Ingrid Gessner, Miriam Nandi, Juliane Schwarz-Bierschenk
September 30, 2019
“No ideas but in things!” William Carlos Williams’s leitmotif for the modernist epic Paterson seems to anticipate the current renewal of academic attention to the materialities of culture: When the Smithsonian Institution accounts for The History of America in 101 Objects (Kurin) or when Neil MacGregor, designated director of the Humboldt Forum in Berlin, aims at telling The History of the World in 100 Objects (2011), they use specimens of material culture as register and archive of human activity. Individual exhibitions explore the role of objects in movements for social and political change ( Disobedient Objects , Victoria and Albert Museum, London). Large-scale national museum projects like the new Humboldt Forum in Berlin or the National Museum of African American History and Culture in Washington, D.C., draw attention to the long existence of collections in Western institutions of learning and reveal the inherently political character of material culture—be that by underscoring the importance of institutional recognition of particular identities or by debates about provenance and restitution of human remains and status objects.

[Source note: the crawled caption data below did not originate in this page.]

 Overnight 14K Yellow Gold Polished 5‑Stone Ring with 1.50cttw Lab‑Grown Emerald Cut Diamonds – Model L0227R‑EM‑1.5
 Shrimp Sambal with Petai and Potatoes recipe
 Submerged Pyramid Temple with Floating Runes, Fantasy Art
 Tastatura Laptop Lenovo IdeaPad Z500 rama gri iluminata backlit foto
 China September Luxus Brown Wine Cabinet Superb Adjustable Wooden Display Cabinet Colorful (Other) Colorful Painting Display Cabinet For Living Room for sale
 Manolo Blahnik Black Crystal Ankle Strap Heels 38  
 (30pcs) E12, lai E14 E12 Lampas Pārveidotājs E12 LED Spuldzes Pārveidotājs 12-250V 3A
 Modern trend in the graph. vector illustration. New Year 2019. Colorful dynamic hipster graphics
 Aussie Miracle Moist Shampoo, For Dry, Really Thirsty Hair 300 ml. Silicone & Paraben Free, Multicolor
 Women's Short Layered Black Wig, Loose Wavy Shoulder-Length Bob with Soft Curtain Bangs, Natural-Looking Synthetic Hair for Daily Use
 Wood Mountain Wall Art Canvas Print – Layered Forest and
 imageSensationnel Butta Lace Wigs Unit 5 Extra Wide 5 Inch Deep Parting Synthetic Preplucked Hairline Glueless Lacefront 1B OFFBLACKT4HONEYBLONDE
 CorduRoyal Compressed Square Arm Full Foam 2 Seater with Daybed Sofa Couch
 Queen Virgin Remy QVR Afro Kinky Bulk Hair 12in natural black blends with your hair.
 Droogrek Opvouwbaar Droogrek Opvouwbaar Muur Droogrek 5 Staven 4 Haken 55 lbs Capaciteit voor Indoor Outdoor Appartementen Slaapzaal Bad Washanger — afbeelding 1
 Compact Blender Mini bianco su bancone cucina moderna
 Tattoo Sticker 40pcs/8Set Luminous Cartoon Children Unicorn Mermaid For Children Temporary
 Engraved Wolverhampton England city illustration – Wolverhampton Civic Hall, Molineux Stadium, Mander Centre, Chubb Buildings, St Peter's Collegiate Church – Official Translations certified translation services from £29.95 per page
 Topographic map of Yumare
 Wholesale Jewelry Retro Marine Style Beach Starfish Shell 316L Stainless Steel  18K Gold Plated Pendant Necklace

The plethora of objects assembled in systematic as well as idiosyncratic collections within and outside the university is just beginning to be systematically explored for their roles in learning and education, funded by national research organizations such as the German BMBF.1 In theatrical performances, things function as discussion prompts in biographical work ( Aufstand der Dinge , Schauspielhaus Chemnitz) or unfold their potential to induce a bodily experience ( The Force of Things: An Opera for Objects , GK Arts Center, Brooklyn, NY). Things are present: as heritage, as commodities, as sensation; they circulate in processes of cognition and mediation, they transcend temporal and spatial distantiations. Things figure in narration and performance, in our everyday life practices, in political activism. They build knowledge of ourselves and others, influence the ways in which we interact with our fellow human beings, and in which we express or control our feelings. They combine the apparently concrete and the fleetingly abstract. Overall, things make us do things.